◆ **What you have to do**: For the material below, the expected output is exactly the lines between the line holding "Vector poster for soccer football sports pub" and the line holding "DKNY Pointelle Yoke", inclusive, with pictures left out.

◆ **Supplied records**:

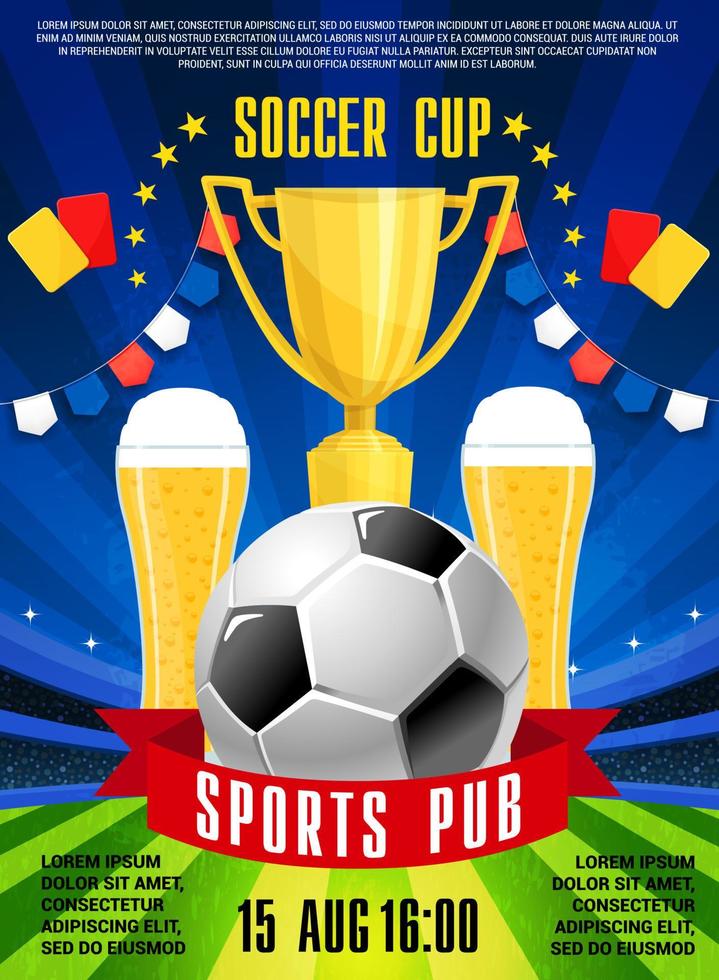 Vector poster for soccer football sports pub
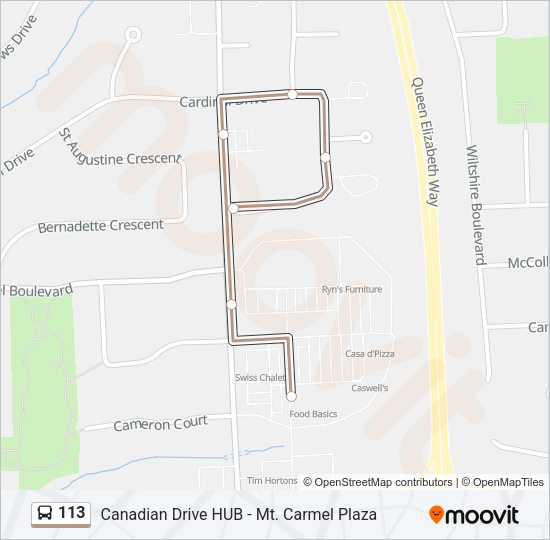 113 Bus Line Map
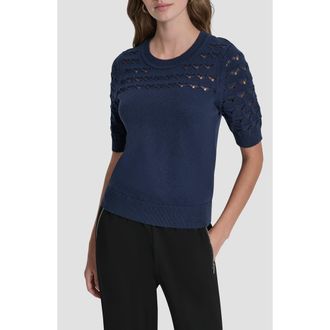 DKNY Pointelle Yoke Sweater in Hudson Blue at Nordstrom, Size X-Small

==

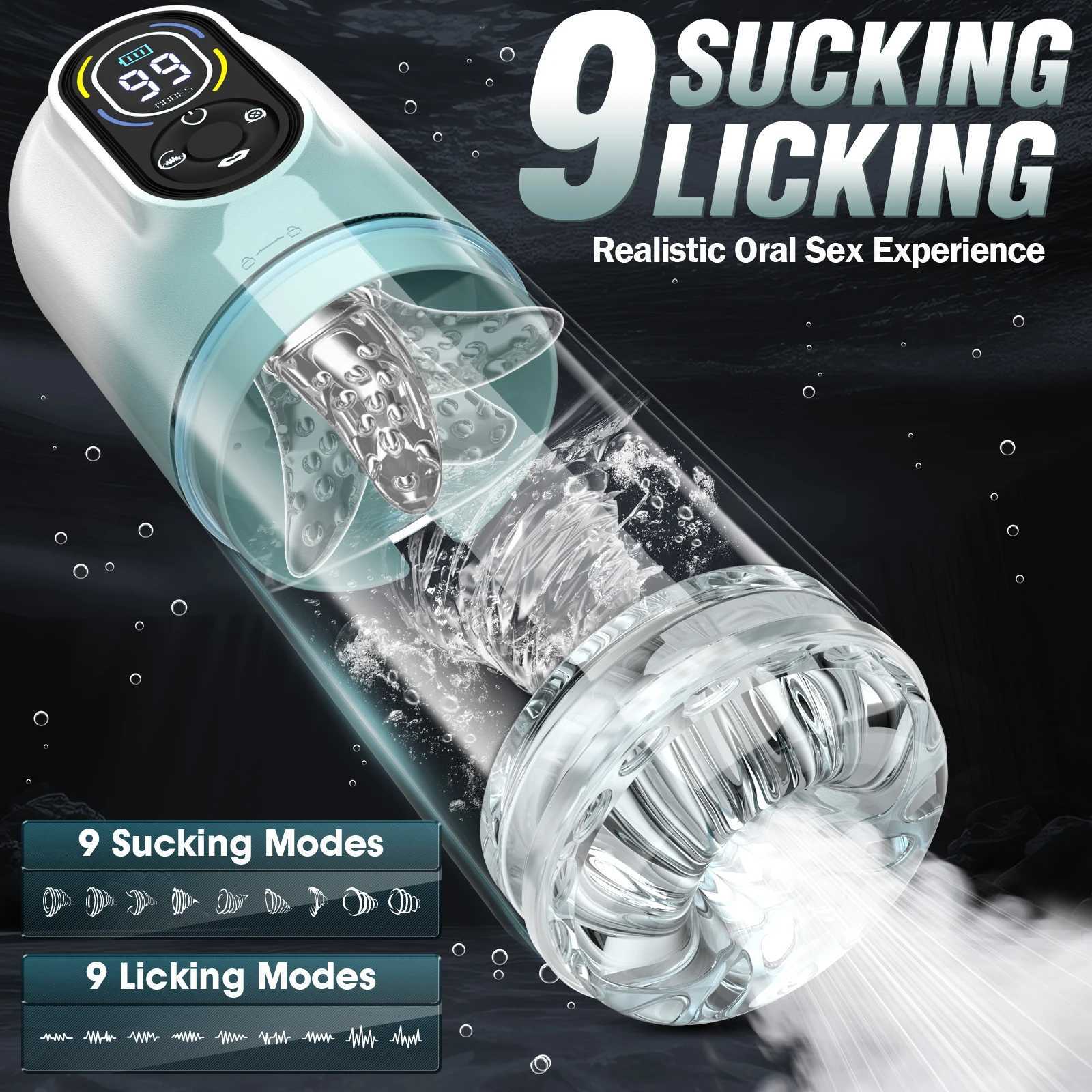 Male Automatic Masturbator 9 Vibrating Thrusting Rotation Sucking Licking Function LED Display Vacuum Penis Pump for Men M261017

◆ **Task result**:
 Vector poster for soccer football sports pub
 113 Bus Line Map
 DKNY Pointelle Yoke Sweater in Hudson Blue at Nordstrom, Size X-Small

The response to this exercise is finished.